RFC2317 reverse DNS example
Part Example output Where it belongs
Child origin 128-28.2.0.192.in-addr.arpa. Your delegated reverse zone
Child PTR 130 IN PTR mail.corp.example. Child reverse zone
Parent CNAME 130 IN CNAME 130.128-28.2.0.192.in-addr.arpa. Parent 2.0.192.in-addr.arpa. zone

FAQ

Does the generator support IPv6 reverse DNS?

No. The current generator is IPv4-only and emits in-addr.arpa zones, not IPv6 ip6.arpa nibble zones.

Why does a smaller-than-/24 range need parent CNAME records?

The IPv4 reverse tree delegates naturally on octet boundaries. RFC2317 uses CNAME records in the parent /24 zone to point each covered address into the smaller child zone.

Can one IP address have more than one PTR record?

DNS can return multiple PTR records for one owner, but many operational checks expect one clear name per address. Keep-first duplicate handling is the safer default unless multiple names are an intentional policy choice.

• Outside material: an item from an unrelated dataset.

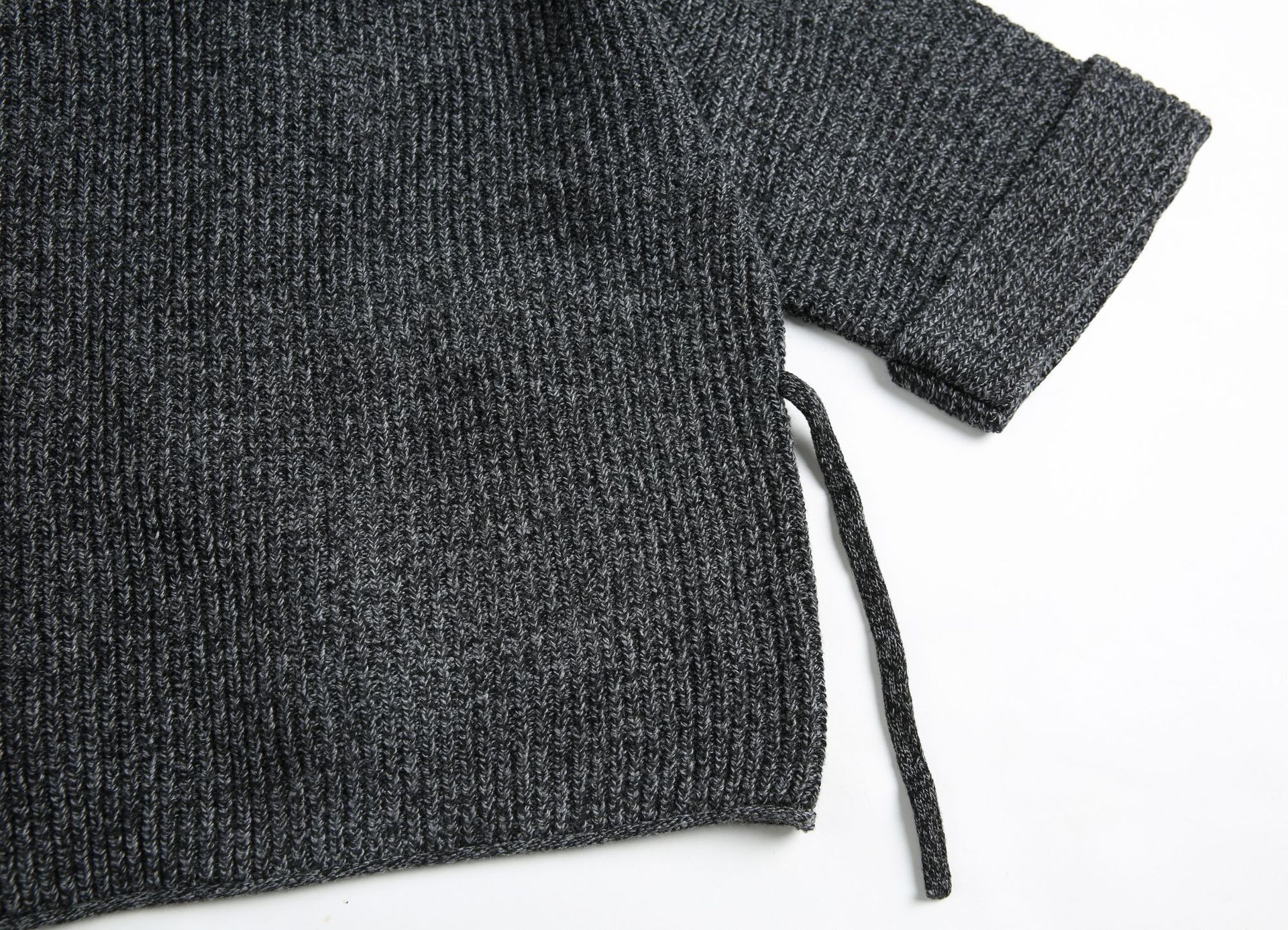 Polyester Plain Oversized Dolman Cardigan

Why does the responsible mailbox change form?

The SOA responsible mailbox uses DNS RNAME syntax. An email address such as hostmaster@example.com becomes hostmaster.example.com., and dots in the local part are escaped.

Is the generated zone ready to publish immediately?

Use it as a draft. Clear blocking checks, review warnings, confirm parent delegation for RFC2317 output, verify forward and reverse consistency, and run the final text through the DNS server's zone checker before publishing.

Glossary

PTR record
A DNS record that maps a reverse DNS owner name to a host name.
Reverse origin
The in-addr.arpa zone name under which the PTR owners are written.
SOA record
The Start of Authority record that carries the primary nameserver, responsible mailbox, serial, and timer values for the zone.
RFC2317
The common classless IPv4 reverse delegation method that uses child reverse zones and parent CNAME records.
Parent CNAME
A CNAME in the parent reverse zone that points an address owner into a delegated child zone.